Problem description | When you restate the data, keep every word as it is and drop the images.

(Beginning of Data section)

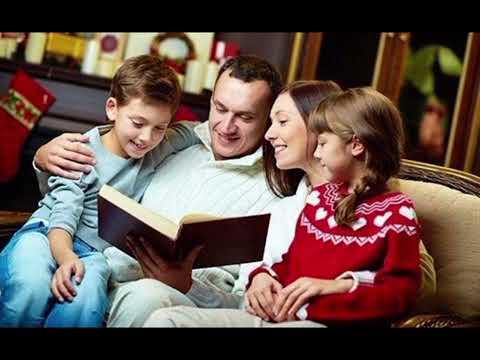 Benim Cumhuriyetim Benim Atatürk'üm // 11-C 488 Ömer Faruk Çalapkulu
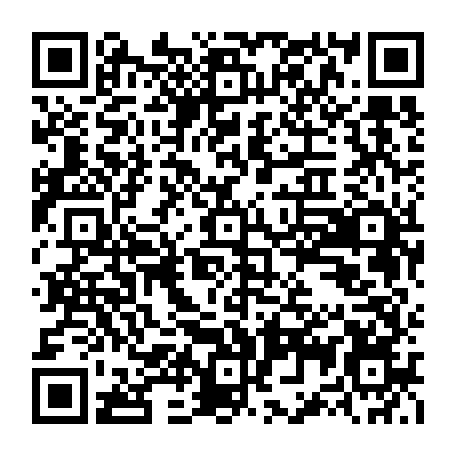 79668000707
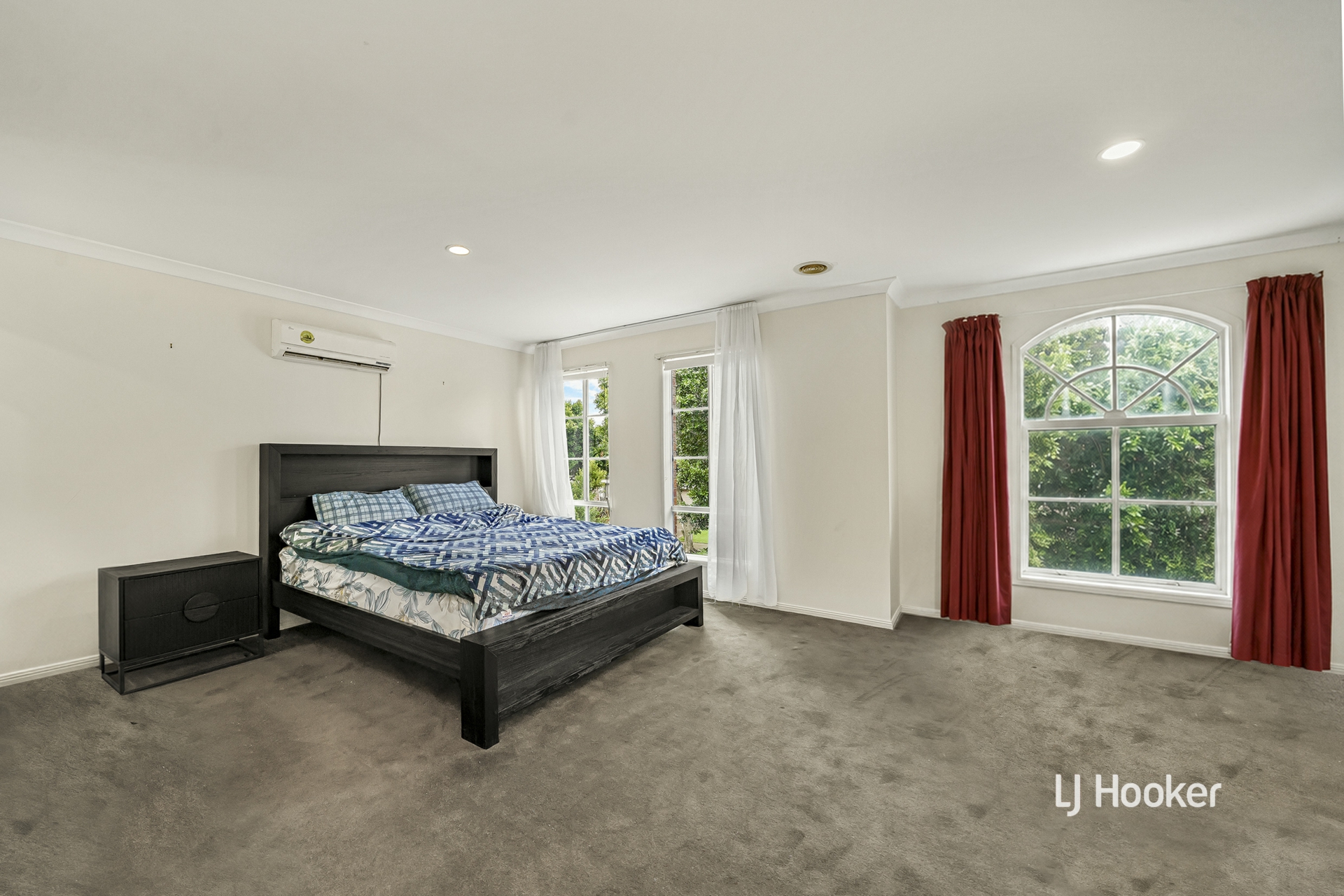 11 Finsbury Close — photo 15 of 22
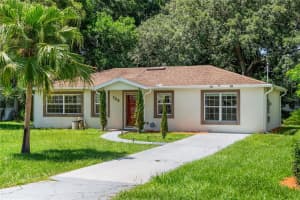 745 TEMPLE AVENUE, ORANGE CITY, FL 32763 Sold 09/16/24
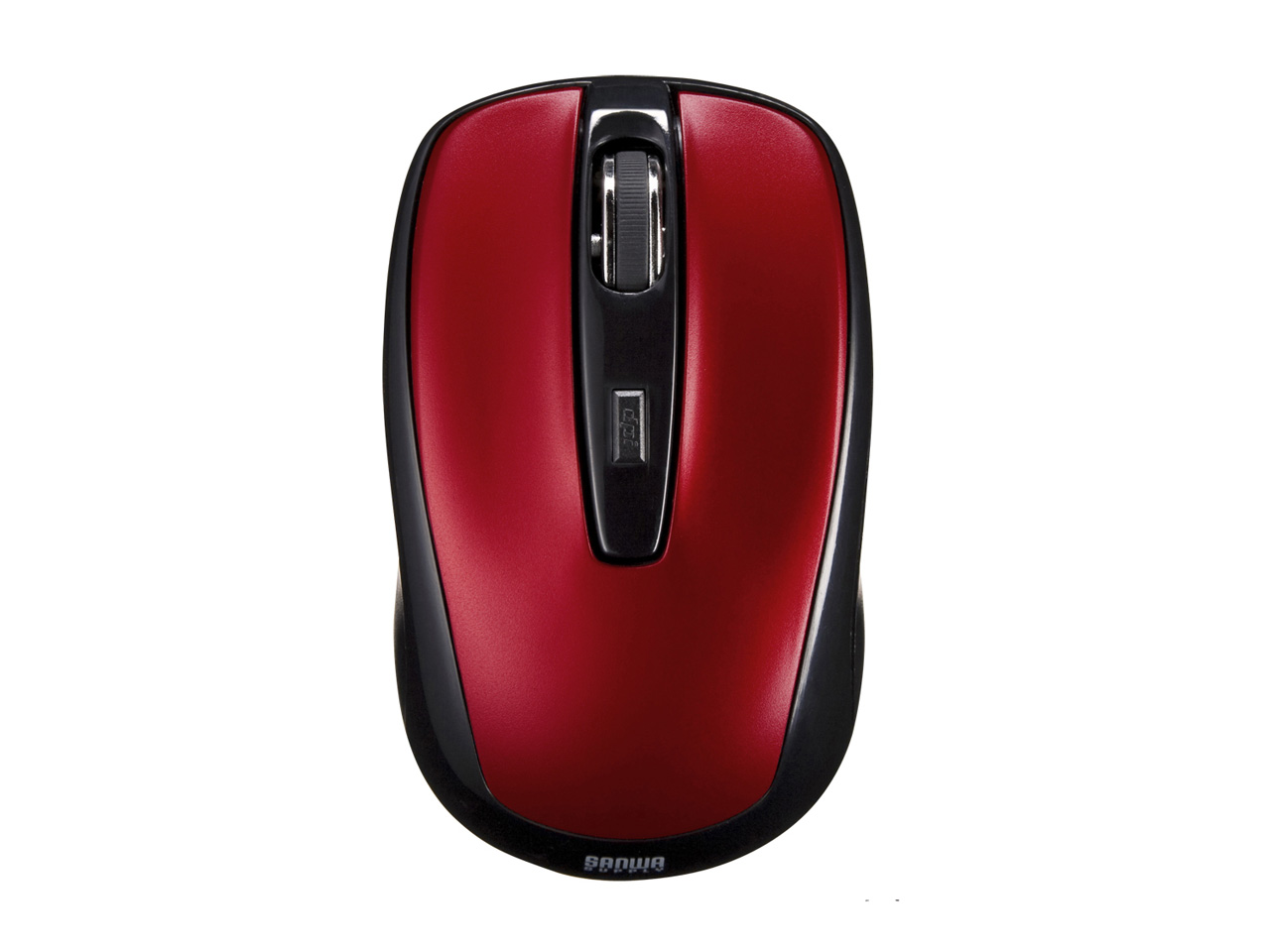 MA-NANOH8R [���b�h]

(End of Data section)

Answer box |
 Benim Cumhuriyetim Benim Atatürk'üm // 11-C 488 Ömer Faruk Çalapkulu
 79668000707
 11 Finsbury Close — photo 15 of 22
 745 TEMPLE AVENUE, ORANGE CITY, FL 32763 Sold 09/16/24
 MA-NANOH8R [���b�h]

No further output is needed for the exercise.